What/who is that voice in our heads and who asked it to comment on every aspect of our lives? Have you ever given this question any thought? Who IS that voice in my head? Mindfulness is a concept that has been around for thousands of years, but is now gaining in popularity among mainstream society. One of the fundamental concepts in the practice of mindfulness is to pay attention to the dialogue running through your head and then let it go. Yes, let it go. Stop thinking about it. Move on. How often do you have a thought, which leads to another thought, which then judges both of those thoughts and leaves you feeling confused or frustrated or guilty?
Thoughts have momentum. Stop to think about that. We’ve all experienced it, one thought leads to another and another and another. All of a sudden you may be feeling terrible about a situation, depressed or hopeless. You may ask yourself how did you get to this place, to this thought. Or you may just accept it as fact and continue on with your day, accepting that this view/feeling is your new reality. Mindfulness is a practice because it takes effort each and every day, sometimes every minute. Last week, I checked my work email on my phone before getting ready. I read an email that really irritated me. I held off on sending a reply but as I dried my hair I wrote my response in my head. The more I thought about the response, the more upset I became. I realized I was getting angry and knew that if I didn’t stop I might accidently snap at someone, which was certainly not how I wanted to start the day. I forced myself to stop thinking about it and told myself that I would deal with it when I got to work. Minutes later I started writing the email again in my head. Again I stopped myself, took a deep breath and continued getting ready. It’s so easy to let those thoughts gain momentum and it might take you multiple attempts to stop yourself from going down that spiral. Being aware is the first step in the practice.

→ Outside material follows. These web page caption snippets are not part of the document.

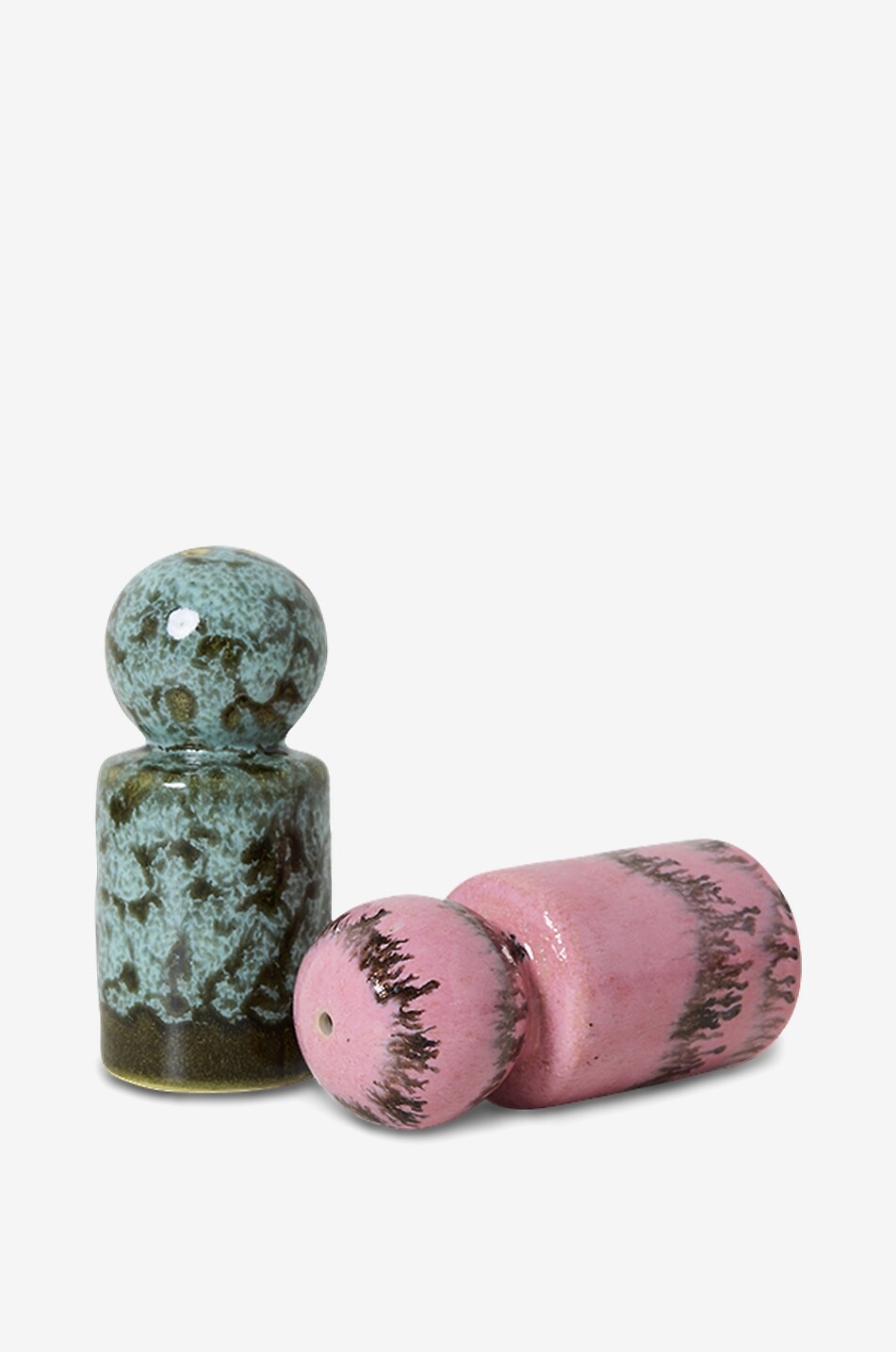 HKLIVING Salière et poivrier en grès 70s Ceramics Baroque Maison MULTICOLORE 5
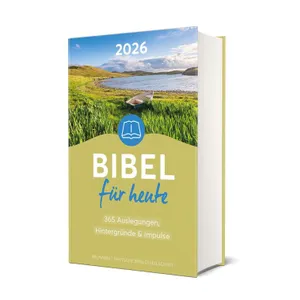 Produktbild des Artikels Bibel für heute 2026 - Buchausgabe (Kalender - Gebunden)
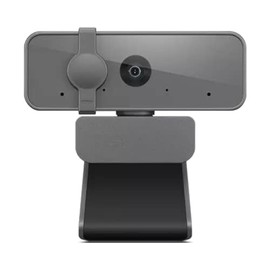 Lenovo NET_BO Essential FHD Webcam Grey, 1080p, Stereo Microphone, USB Camera for Live Streaming and Video Calling, Privacy Cover, Plug and Play, Desktop or Laptop, Windows, Mac, Grey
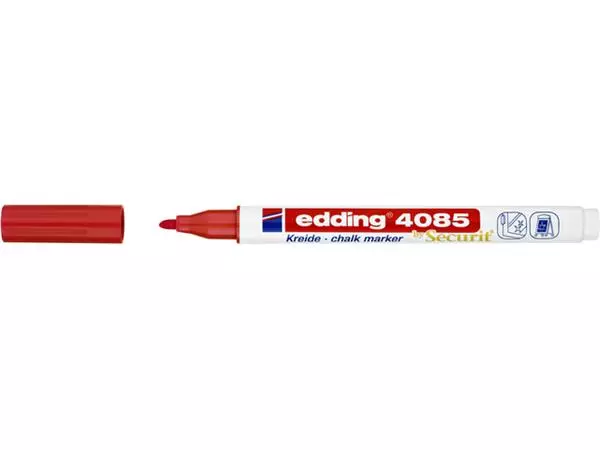 Een KRIJTSTIFT EDDING 4085 ROND 1-2MM ROOD koop je bij Kantoorvakhandel van der Heijde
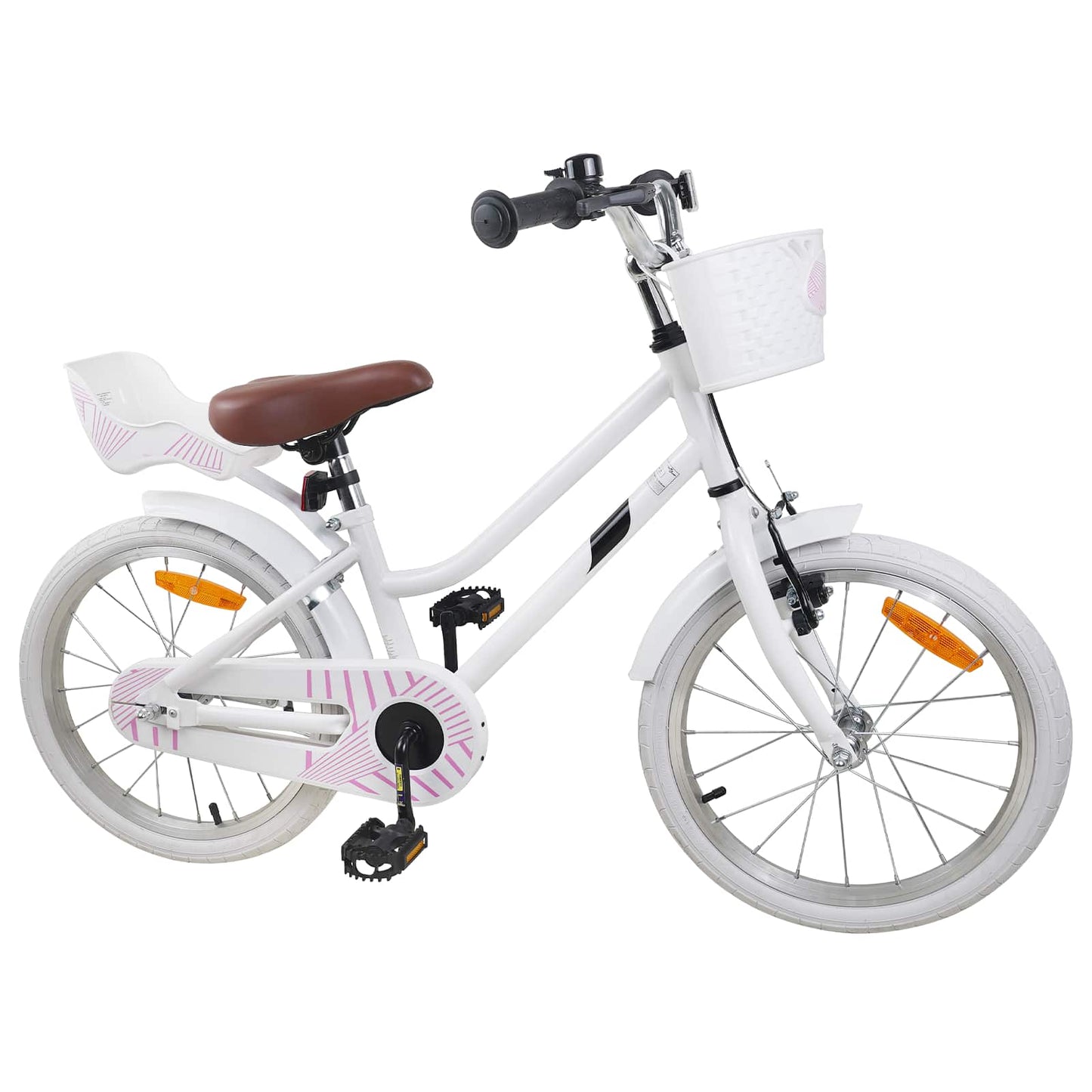 Kids Bike 18 Inches for 5-7 Years Old White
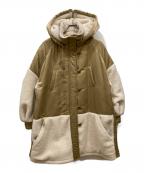 ETRE TOKYOエトレトウキョウ）の古着「ミリタリーボアコート」｜アイボリー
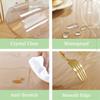 Transparent Chair Mat, Non-Slip Waterproof Desk Mat view 4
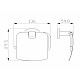 Купить Держатель для туалетной бумаги с крышкой WONZON & WOGHAND, Хром (WW-8426) в магазине сантехники Santeh-Crystal.ru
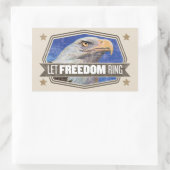 Sticker Rectangulaire Bague de liberté Eagle-Let (Sac)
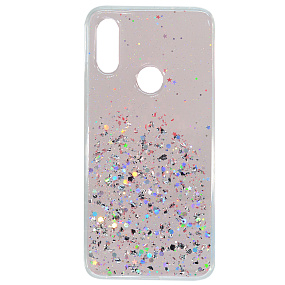 Задняя накладка Xiaomi Redmi 7 PS c блестками розовый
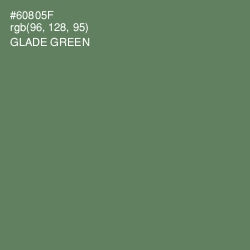 #60805F - Glade Green Color Image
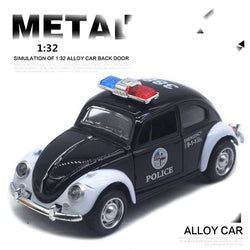 1:32 Volkswagen Beetle Diecast Model with Pull-Back Function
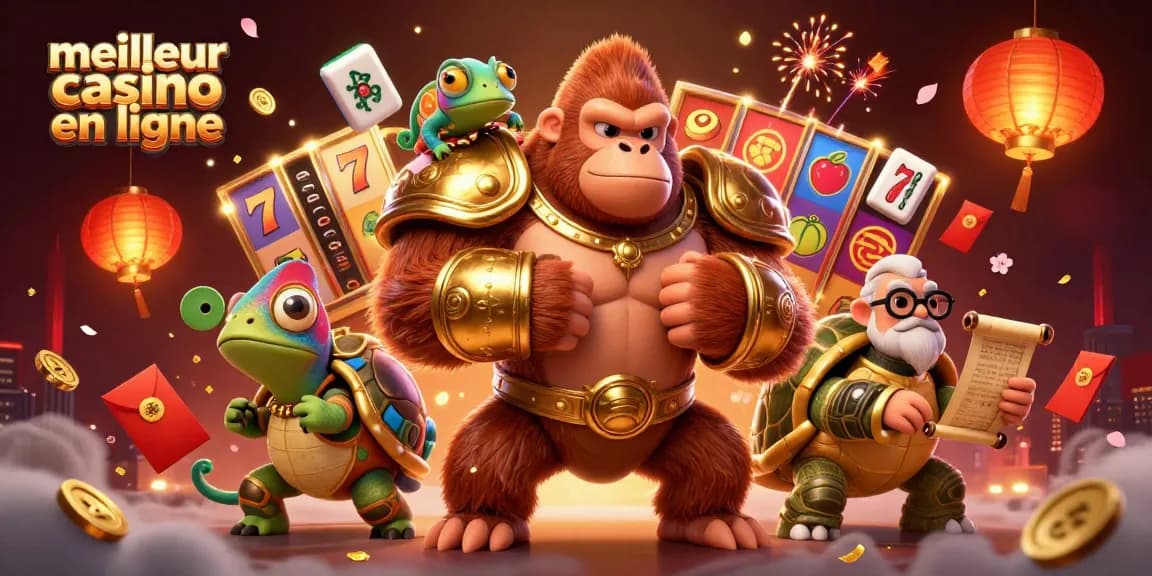 Explorez le monde vibrant des jeux en ligne avec les personnages puissants et les éléments mettant en avant le meilleur casino en ligne.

In his book, Mindfulness for Beginners, author Jon Kabat-Zinn says:
“….awareness allows us to see and to realize what we are seeing, to think and to know what’s on our minds, and to experience emotion and be in relationship to it in a way that is actually wise and self-compassionate – that doesn’t saddle us with stories of how great we are or how horrible we are or how inadequate we are. Such narratives can act like cement boots that sink us in a morass more or less of our own creation – that is, if we believe them, if we think they are the truth rather than recognize them as merely thoughts coming and going.”